S'adapter à chaque lot pour conserver les qualités des fruits

Le défi est d’adapter à chaque lot la température, l’hygrométrie, les taux d’O2 et de CO2, les vitesses de refroidissement, les durées de conservation, les moyens supplémentaires nécessaires (SmartFresh, huiles essentielles…). L’objectif étant d’éviter les risques physiologiques liés au froid (échaudure de prématurité (scald), échaudure molle, brunissement externe ou interne…) ou à des taux d’O2 ou CO2 inadaptés (évolution trop rapide, départ en fermentation, brunissement interne ou externe…) et de conserver les qualités des fruits le plus longtemps possible.

« Les pommes sont assez faciles à stocker, estime François Mestre, directeur de Mesfruits. Mais l’enjeu est de ne pas détériorer la qualité visuelle et gustative. Certaines variétés se conservent mieux que d’autres et les critères de conservation comptent aujourd’hui pour un tiers dans le choix des variétés que nous plantons. Les paramètres varient aussi selon les variétés, les clones, les terroirs, l’âge du verger, la date de récolte… »

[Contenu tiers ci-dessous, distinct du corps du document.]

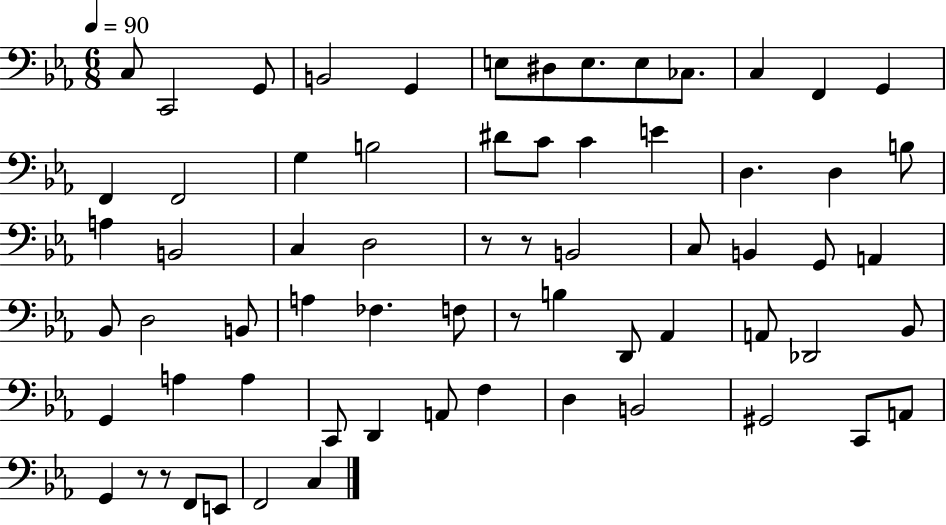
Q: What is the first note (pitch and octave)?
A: C3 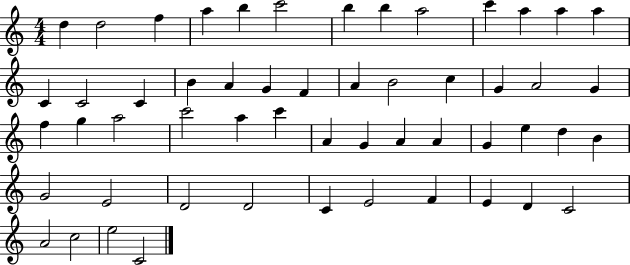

Eviter le mélange des variétés

L’agréage des lots est capital pour déterminer les conditions de conservation. Sont pris en compte le taux de sucre, la fermeté, la couleur de fond, la régression de l’amidon, les défauts évolutifs, le climat récent (pluie, forte chaleur…). Un point clé est d’éviter le mélange des variétés. « Chaque variété a ses paramètres, souligne Quentin Socheleau, cogérant du Verger de la Blottière. De plus, certaines variétés comme Golden dégagent beaucoup d’éthylène, alors que d’autres comme Granny Smith sont très sensibles au scald déclenché par l’éthylène. Le remplissage des chambres est basé sur l’agréage et l’expérience. Une chambre peut contenir des lots de différentes parcelles ou dates de cueille, mais avec des capacités de conservation homogènes. »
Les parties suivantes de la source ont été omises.